We cooked and taste-tested eggs from local farms—here are our thoughts
Are local eggs worth the fuss? I conducted a little eggsperiment, gathering eggs from four local farms, plus a regular carton of grocery store eggs. I fried them sunny-side up and tried them next to each other. Here are my findings.
$3.29 at The Merc
These eggs were the prettiest fried. The yolk was tight and a dark salamander-orange, mimicking a duck egg, but the yolk had a subtle, mild flavor.

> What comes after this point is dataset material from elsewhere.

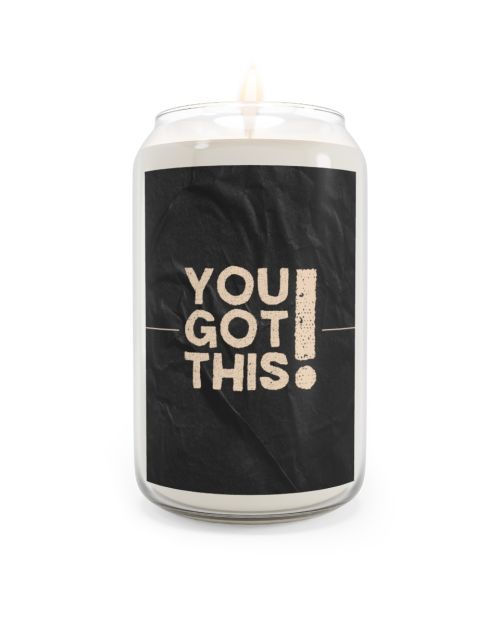 Can candle – You got this !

$4 at Nature’s Own and GreenAcres
Campo Lindo farm eggs are a local restaurant favorite, and I understand why. Breaking into this yolk was so satisfying, the river rolling over the tines of my fork in slow motion. The texture was velvet, the taste like rich custard.
$3 at The Merc
I watched this yolk pop up out of the white as it cooked in my skillet: a glossy, perfect hill in a snowy field. This egg tasted the brightest, like these chickens just clucked about in sunshine all day.
$4 at Nature’s Own
The edge of the whites crisped perfectly, like a lovely lace collar for the jiggly, mellow-tasting yolk. Like the other farm eggs listed here, Barham’s chickens are free-range.
Good & Gather Grade A Large Eggs
$1.19 at Target
My control group had a pale yellow yolk that, unlike the farm eggs, broke when I poured it into the pan. After eating the farm eggs, this fried egg just tasted flat.